Your assignment: Please reproduce the lines from the one containing "Pharmako Dynamis ─" through the end of the data below exactly as they stand, and omit all pictures.

Material supplied Block Start

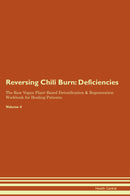 Reversing Chili Burn: Deficiencies The Raw Vegan Plant-Based Detoxification & Regeneration Workbook for Healing Patients. Volume 4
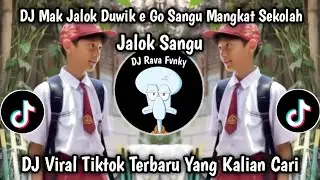 DJ MAK JALOK DUWI E GO SANGU MANGKAT SEKOLAH || DJ JALOK SANGU MARKONAH VIRAL TIKTOK TERBARU 2025 !!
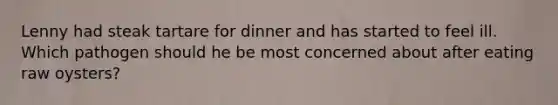 Lenny had steak tartare for dinner and has started to feel ill. Which pathogen should he be most concerned about after eating raw oysters?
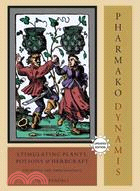 Pharmako Dynamis ─ Stimulating Plants, Potions, and Herbcraft: Excitantia and Empathogenica
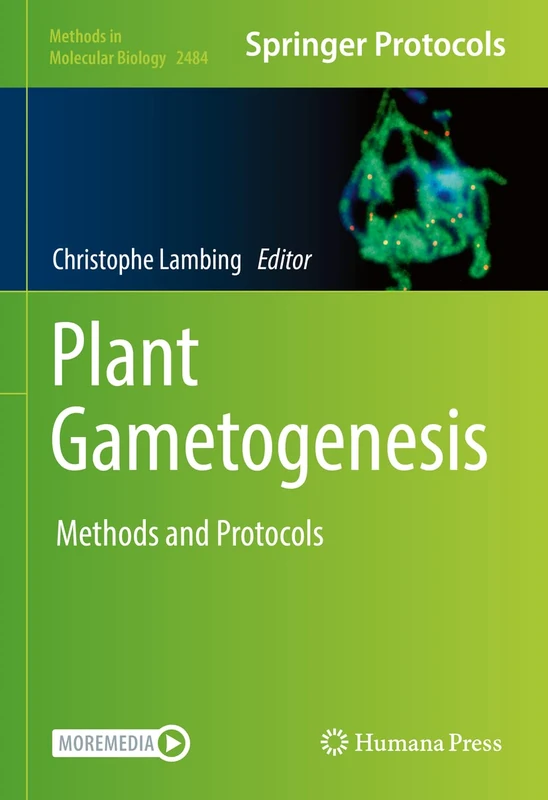 Humana Plant Gametogenesis: Methods and Protocols 2484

Material supplied Block End

Answer for this exercise:
 Pharmako Dynamis ─ Stimulating Plants, Potions, and Herbcraft: Excitantia and Empathogenica
 Humana Plant Gametogenesis: Methods and Protocols 2484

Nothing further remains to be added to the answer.